There are some large paintings in this show, along with some far more interesting smaller paintings on paper that reinforce the notion that Nalls comes off far better when she sticks to a smaller format.
And there is also ample evidence of her persistent pursuit of the third dimension, not only in a vinelike lamp and some plaques cast in bronze, but also in the experimental -- and altogether unsatisfying -- paintings that have fungus, plastic toys and even a Raggedy Ann doll attached to canvas with a slather of paint.

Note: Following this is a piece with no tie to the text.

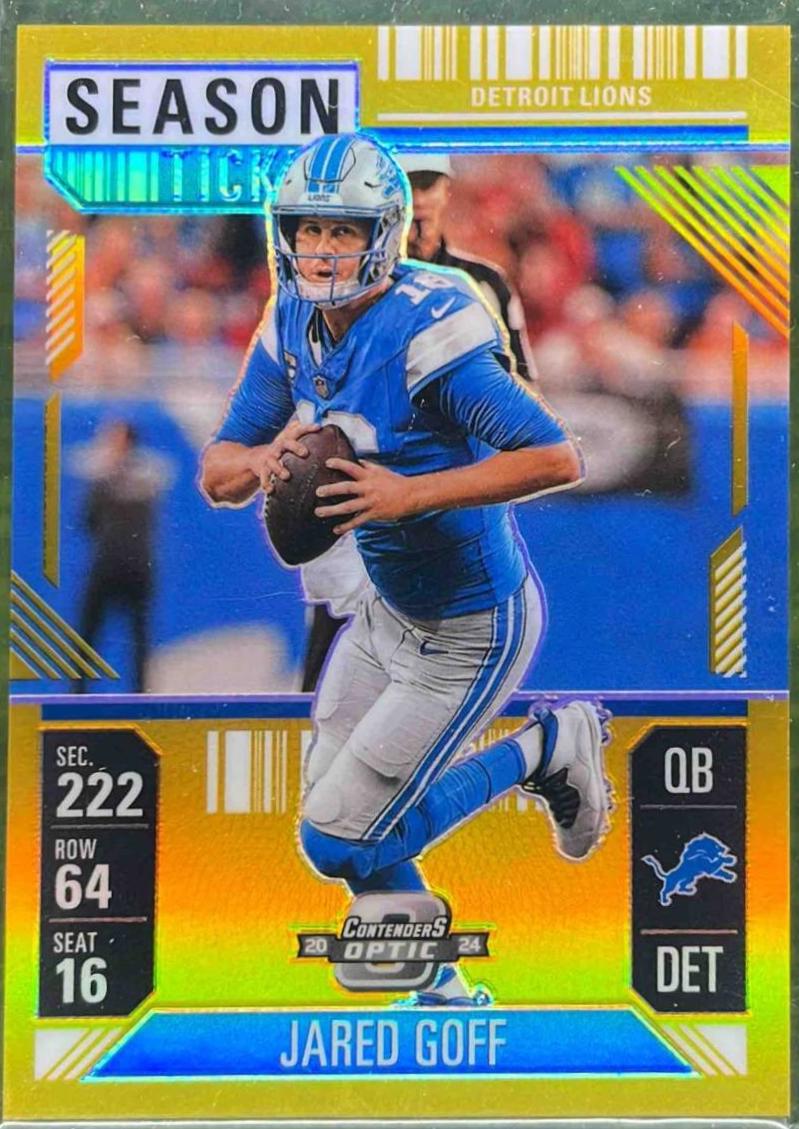 Jared Goff [Gold] #18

Despite such digressions -- or perhaps because of them -- Nalls has come a long way in her search for significant three-dimensional form. Her last show included some small bronze plaques, but they were less sculpture than bronze translations of her expressionist paintings. It will be interesting to see what happens next.
The show at Brody's, 1706 21st St. NW, will continue through May 31. Hours are 11 a.m. to 5:30 p.m. Tuesdays through Saturdays, or by appointment.
At first encounter, Walter Dusenbery's romantic marble sculptures and plaster maquettes at Fendrick Gallery look like ruins and fragments of ancient Greek and Roman portals, colonnades and temples.
But they are, in fact, models for large public sculptures that are profoundly postmodern in spirit, invoking the romance of the past to add warmth and human scale to hard, cold public spaces.
Combining basic architectural elements -- columns, plinths, arches and walls -- in altogether nontraditional ways, Dusenbery most often carves large, welcoming portal forms that first rouse a sense of the timeless past and then keep the experience interesting by juxtaposing the old with the new, the rough texture of the ruin with the smooth and beautifully worked surface, the sense of openness with that of comforting shelter.
One outstanding example among many here is Dusenbery's handsome red travertine "Porta Lucca," the American Institute of Architects prize winner that adds such a sense of welcome and grandeur to the Prudential Insurance Co. lobby in Boston. But there are other, smaller scaled sculptures as well, all reflecting not only a large and ambitious sculptural imagination, but also the masterful carving techniques and subtle way with form and color learned from Dusenbery's master, Isamu Noguchi, though it must be said that there is now little similarity in their work.
The show will continue through June 5, and is open Monday through Saturday, 10 a.m. to 6 p.m., including Memorial Day.